“We are at the dawn of an Arab Spring,” columnist Charles Krauthammer once exclaimed in the pages of the Washington Post.
“The first bloom of democracy in Iraq, Lebanon, Egypt, Palestine and throughout the greater Middle East,” is flowering. Another prominent thinker praised “the tsunami of freedom...[has] swept away the belief… that freedom is simply not possible,” in the Middle East.
These thoughts were not expressed in 2019 or even 2011, but in 2005 when neo-conservative policy makers and analysts thought the U.S. invasion and occupation of Iraq would spark a cascade of organic democratic movements throughout the region to topple authoritarian regimes.
Though the movements never materialized, the term ‘Arab Spring’ stuck.
Then 2011 happened and the term Arab Spring was deployed to describe a spontaneous, overwhelming wave of protests that took the world by storm.

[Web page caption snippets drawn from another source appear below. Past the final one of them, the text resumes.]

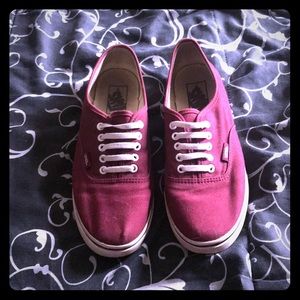 Maroon authentic lo pro vans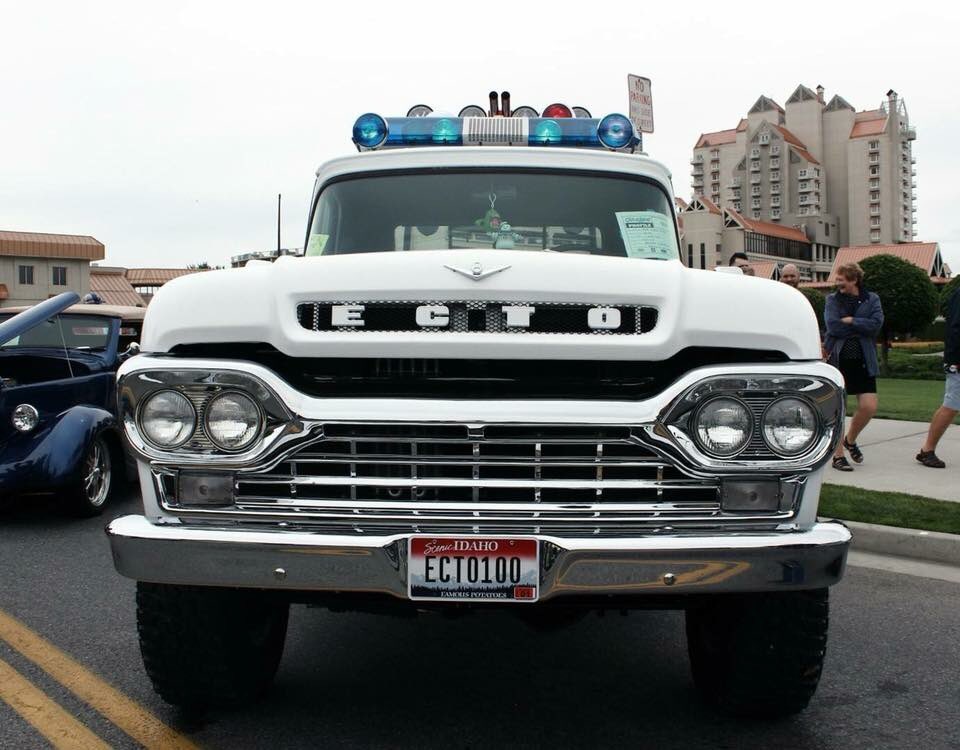 FANEXPOHQ's tweet photo. BOISE: The great @GeekOutlaw is outside with his new ECTO-100 truck, which was just unveiled last month at the Car D'Alene Car Show. Stop by for photo ops and other activities. TAG US in your photos! #WizardWorldBoise
_
Get you BOISE TICKETS here: https://t.co/Jm2t94v4dQ https://t.co/CxxFEsiFJv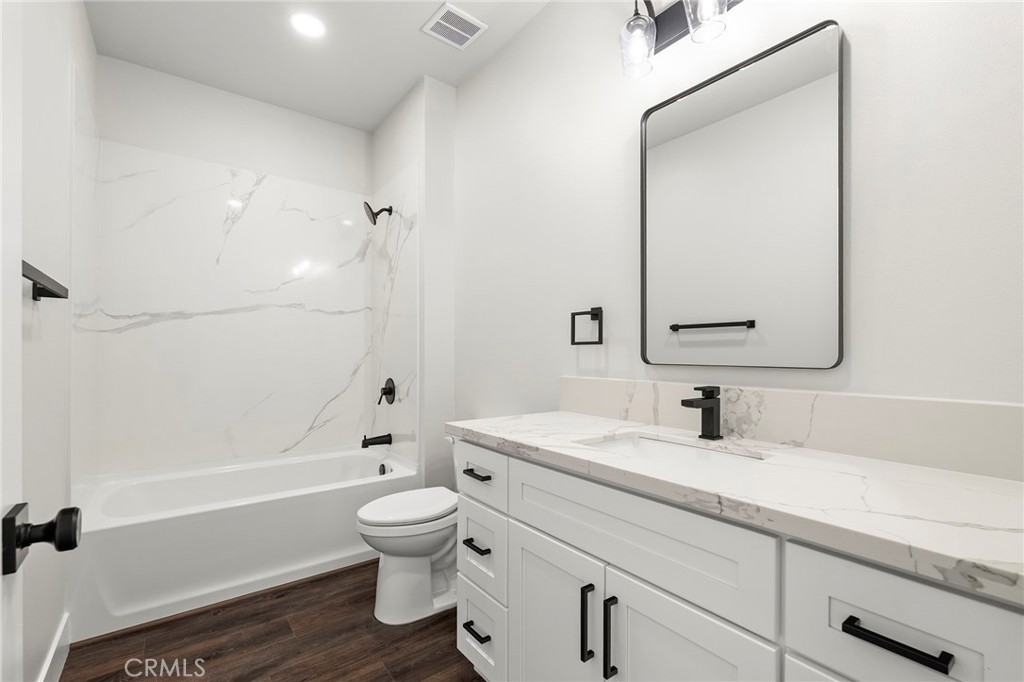1871 June Way Property Photo 22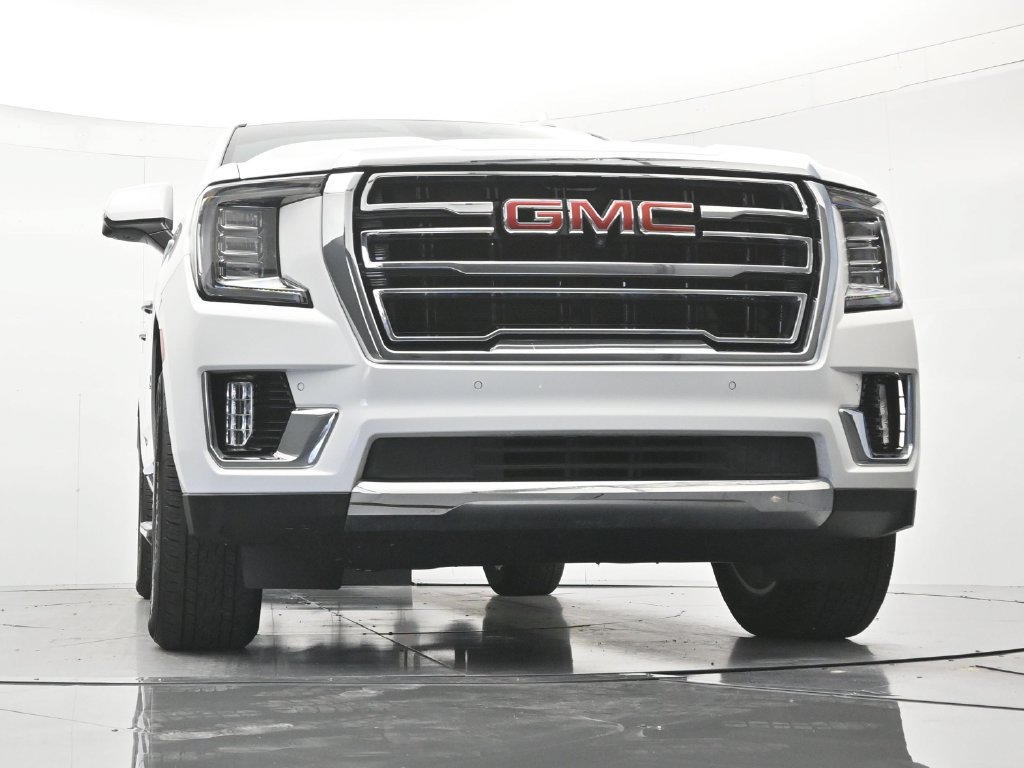 Used 2024 GMC Yukon SLT w/ SLT Luxury Package AWD/4WD image 40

Similarly spontaneous, cross-regional protests are again breaking out in 2019 in Algeria, Sudan, Syria, Jordan and Palestine among other, which has prompted many commentators to herald these movements to be yet another Arab Spring.
As this label is used each time, and will likely be used ad nauseum to describe popular movements in the Middle East, it’s worth pausing and questioning its utility.
The grievances around which these protests are organized—austerity, corruption, rising cost of basic food and utilities, have been served as a rally cry for movements in the region for the past half-century. Calling each an “Arab Spring” belies the cyclical, repetitive nature of these problems and simplifies the demands of the protesters.
It may be time to drop the catch-all term ‘Arab Spring,’ it relies on an ahistorical understanding of political upheavals in the Middle East.
Breaking Down What is Happening in the Arab World Right Now
Mass protests in Algeria are ongoing as of March 2019 (AFP/FILE)
In Dec 2018, the tripling of bread prices and cuts of pension funds drew thousands of protesters onto the streets of Sudan’s major cities demanding the fall of the government led by Omar al-Bashir, who has ruled for 30 years.
A few months later, hundreds of thousands of Algerians amassed to demonstrate against the country’s ailing president seeking a fifth term in power.
All the while, Jordanians have taken to the streets of Amman, demanding economic reforms including more public sector job opportunities, tax reform and an end to austerity measures related to bread, oil and energy subsidies.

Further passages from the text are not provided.